焼入れリボン鋼とは、ばね用炭素鋼帯の一種であり、一般に焼入鋼帯と呼ばています。

ばね用炭素鋼帯とは、冷間圧延して製造される炭素鋼帯であり、薄板ばねやぜんまいばねなどに使用される材料です。中でも、焼入れリボン鋼は、焼入れ・焼戻しという熱処理加工を施して製造されたばね用炭素鋼帯を指します。焼入れ・焼戻しについては、この後説明していますが、焼入れリボン鋼は熱処理が施されていることで、強度、靭性、弾性に優れた鋼帯となっています。

焼入れ・焼戻しとは

ここで、焼入れ・焼戻しについて説明していきます。

まず、焼入れとは、鋼材を加熱した後、急速に冷却することによって鋼を硬くする熱処理方法を指します。ここで、焼入れによって鋼材は硬くなりますが、脆く、そのまま加工を行うと変形や割れが生じやすくなっています。そこで、焼入れを行った鋼に、焼戻しを行うことによって、硬さを減少させ、靭性を高めます。

参考記事

こちらの記事では、焼入れについて、その種類や特徴をさらに詳しく解説しています。焼入れについて詳しく知りたい方は、ぜひご覧ください。

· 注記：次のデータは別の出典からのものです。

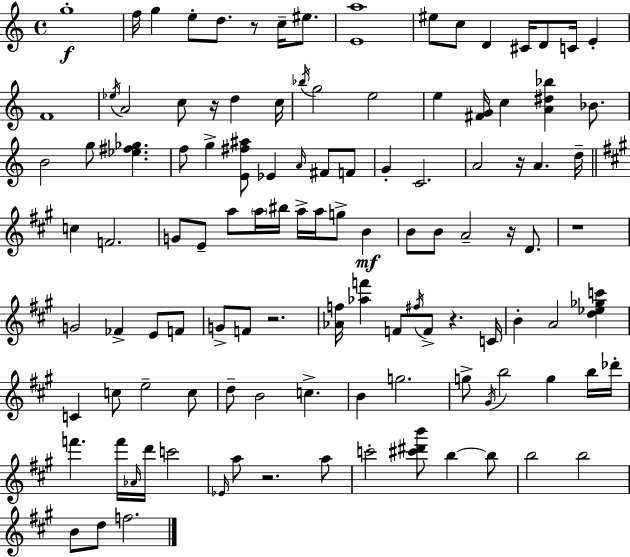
G5/w F5/s G5/q E5/e D5/e. R/e C5/s EIS5/e. [E4,A5]/w EIS5/e C5/e D4/q C#4/s D4/e C4/s E4/q F4/w Eb5/s A4/h C5/e R/s D5/q C5/s Bb5/s G5/h E5/h E5/q [F#4,G4]/s C5/q [A4,D#5,Bb5]/q Bb4/e. B4/h G5/e [Eb5,F#5,Gb5]/q. F5/e G5/q [E4,F#5,A#5]/e Eb4/q A4/s F#4/e F4/e G4/q C4/h. A4/h R/s A4/q. D5/s C5/q F4/h. G4/e E4/e A5/e A5/s BIS5/s A5/s A5/s G5/e B4/q B4/e B4/e A4/h R/s D4/e. R/w G4/h FES4/q E4/e F4/e G4/e F4/e R/h. [Ab4,F5]/s [Ab5,F6]/q F4/e F#5/s F4/e R/q. C4/s B4/q A4/h [D5,Eb5,Gb5,C6]/q C4/q C5/e E5/h C5/e D5/e B4/h C5/q. B4/q G5/h. G5/e G#4/s B5/h G5/q B5/s Db6/s F6/q. F6/s Ab4/s D6/s C6/h Eb4/s A5/e R/h. A5/e C6/h [C#6,D#6,B6]/e B5/q B5/e B5/h B5/h B4/e D5/e F5/h.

⇒ 焼き入れとは?焼き入れの種類ごとの特徴に分けて解説!

使われる主な製品

次に、焼入れリボン鋼の用途について見ていきましょう。焼入れリボン鋼は、一般に板金加工の分野において薄板ばねやゼンマイを中心に、幅広い用途で使用されています。例えば、オルゴールや時計用のゼンマイや、掃除機などの電源コードを巻き込むコード引込用ぜんまい、その他にも上図に示したようなカメラシャッターの羽根など、さまざまな製品に使用されており、私たちの生活の身近なところにも広く利用されています。

 

焼入れリボン鋼の加工上の特徴

次に、焼入れリボン鋼の加工上の特徴について見ていきましょう。次のような特徴が挙げられます。

ばねの特性を出す熱処理が不要

焼入れリボン鋼は、既に熱処理が施してあるため、成形・加工後の製品に対する熱処理加工は不要となります。そのため、プレス成型後の熱処理による形状変化がなく、手直し工程の省略が可能となります。

成形には不向きな事も

熱処理が施してある焼入れリボン鋼は、上述したようなメリットもある反面、焼入れによって硬度が高められているため、成形性には乏しくなっています。

 

焼入れリボン鋼以外のばね用炭素鋼帯

ばね用炭素鋼帯は、焼入れリボン鋼の他にも、みがき特殊帯鋼及びベイナイト鋼帯があり、計三種類に分類されます。それでは、焼入れリボン鋼以外のばね用炭素鋼帯についてご説明していきます。

みがき特殊帯鋼

みがき特殊帯鋼は、熱間圧延した鋼板をさらに冷間圧延して製造される鉄鋼材料を指します。みがきという名前は、冷間圧延によって熱間圧延後に生じる黒いスケールを無くし、鉄本来の輝きを持つことに由来しています。なお、焼入れリボン鋼は、みがき特殊帯鋼に対して、焼入れ・焼戻しを施して製造した、ばね用炭素鋼帯であるとも言えます。

また、みがき特殊帯鋼は、基本的には説明した通り、熱間圧延の後に冷間圧延を施した鋼材を言いますが、中には冷間圧延後、さらに焼きなましという熱処理加工を行うものもあります。

焼なまし(焼鈍)とは

焼なまし加工は、焼鈍(しょうどん)とも呼ばれ、鋼材を550~650℃ほどの温度に加熱し、その後徐冷していく熱処理法の一つです。材料を軟らかくし、より加工性を上げる目的で行われます。そのため、みがき特殊帯鋼においても、焼なましを施した材質の方がより成形性に優れるという特徴があります。

参考記事

こちらの記事では、熱処理について、その仕組みや種類を詳しく解説しています。熱処理についてさらに詳しく知りたい方は、ぜひご覧ください。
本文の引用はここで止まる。